Editors at the journal are now checking the authenticity of other published crystal structures, including all submissions from Jinggangshan University.

Half of the 200,000-odd crystal structures published by the journal during the past five years have come from China. William Harrison, a chemist at the University of Aberdeen, UK, who is one of three section editors for the journal, would not discuss the ongoing investigation but says that the generation of large numbers of structures by one group would not necessarily raise questions, because diffractometers can easily collect a couple of data sets a day. "In terms of papers submitted to Acta E, the vast majority coming from China are correctly determined structures, and they make a valuable contribution to science," he says.

Nevertheless, the Wuhan University study suggests that misconduct could be widespread in many fields.
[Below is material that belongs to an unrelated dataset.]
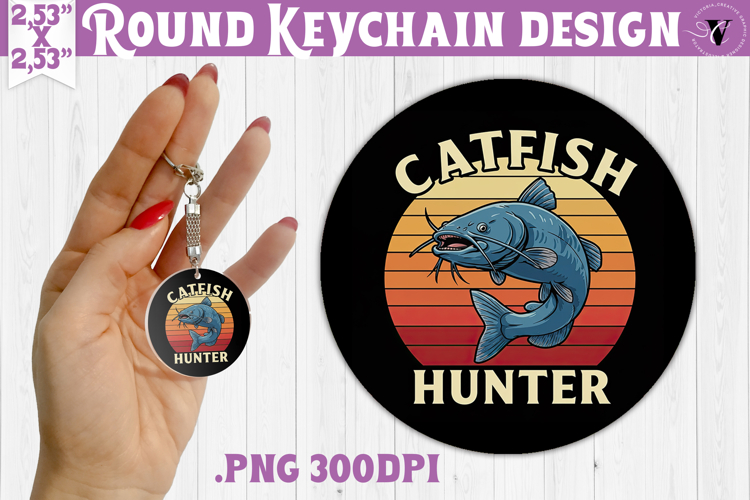 Round keychain | Fishing | Fishing lover gift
The team, led by computer scientist Shen Yang, used website analyses and onsite investigations to identify a wide range of dubious publishing activities. These include ghostwriting theses and academic papers on fictional research, bypassing peer-review for payment, and forging copies of legitimate Chinese or international journals.

The researchers analysed the most popular 800 websites involved in such activities — which together rack up 210,000 hits a day — and found that the cost of each transaction is typically 600–12,000 renminbi. Three-quarters of the demand comes from universities and institutions, says Shen. "There is a massive production chain for the entire publishing process," he says.
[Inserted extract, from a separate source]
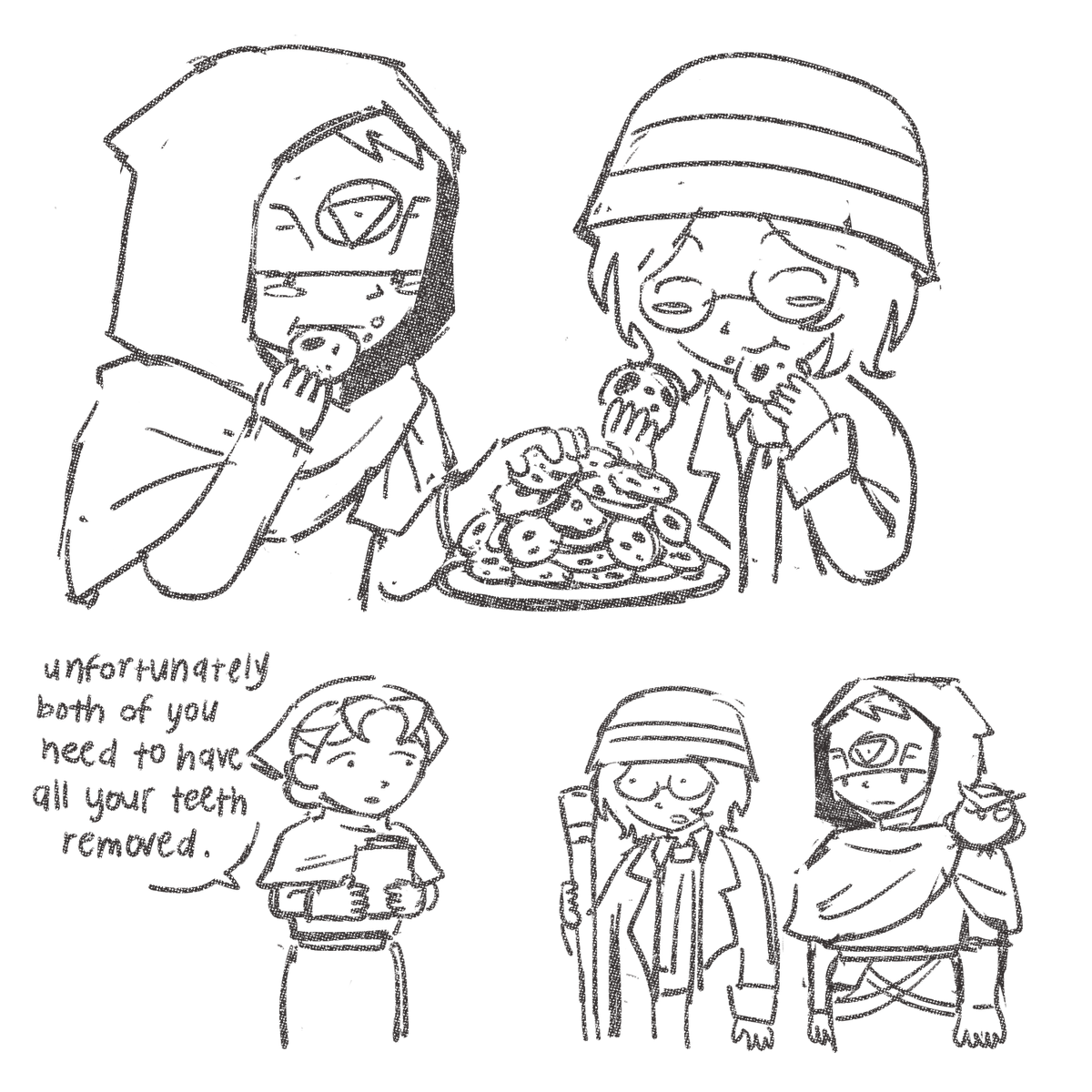 hc them both as extreme sweets lovers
Concerned by such trends, China's science ministry commissioned a survey of researchers, the results of which remain under wraps. However, several sources revealed to Nature that roughly one-third of more than 6,000 surveyed across six top institutions admitted to plagiarism, falsification or fabrication. Many blamed the culture of jigong jinli — seeking quick success and short-term gain — as the top reason for such practices, says Zeng Guopin, director of the Institute of Science Technology and Society at Tsinghua University in Beijing who was involved in running the survey.

The second most-cited cause is bureaucratic interference in academic activities in China. Most academic evaluation — from staff employment and job promotion to funding allocation — is carried out by bureaucrats who are not experts in the field in question, says Fang Shimin, a US-trained biochemist who runs a website called 'New Threads' that exposes research misconduct in China. "When that happens, counting the number of publications, rather than assessing the quality of research, becomes the norm of evaluation," he says.

Cao Nanyan, a colleague of Zeng's at Tsinghua, conducted a similar survey commissioned by the Beijing municipality, which surveyed 2,000 researchers from 10 universities and research institutions. It, too, found that roughly one-third of respondents admitted to illegitimate practices.

To critics such as Rao Yi, dean of the life-science school at Peking University in Beijing, the lack of severe sanctions for fraudsters, even in high-profile cases, also contributes to rampant academic fraud. Many researchers criticize the fact that Chen Jin, a former researcher at Shanghai Jiao Tong University who is accused of falsely claiming to have developed a series of digital signal-processing chips, was fired with no other repercussions. Meanwhile, others involved in the scandal have gone unpunished.

"You send out a very wrong signal when such high-profile cases are not dealt with properly," says Rao.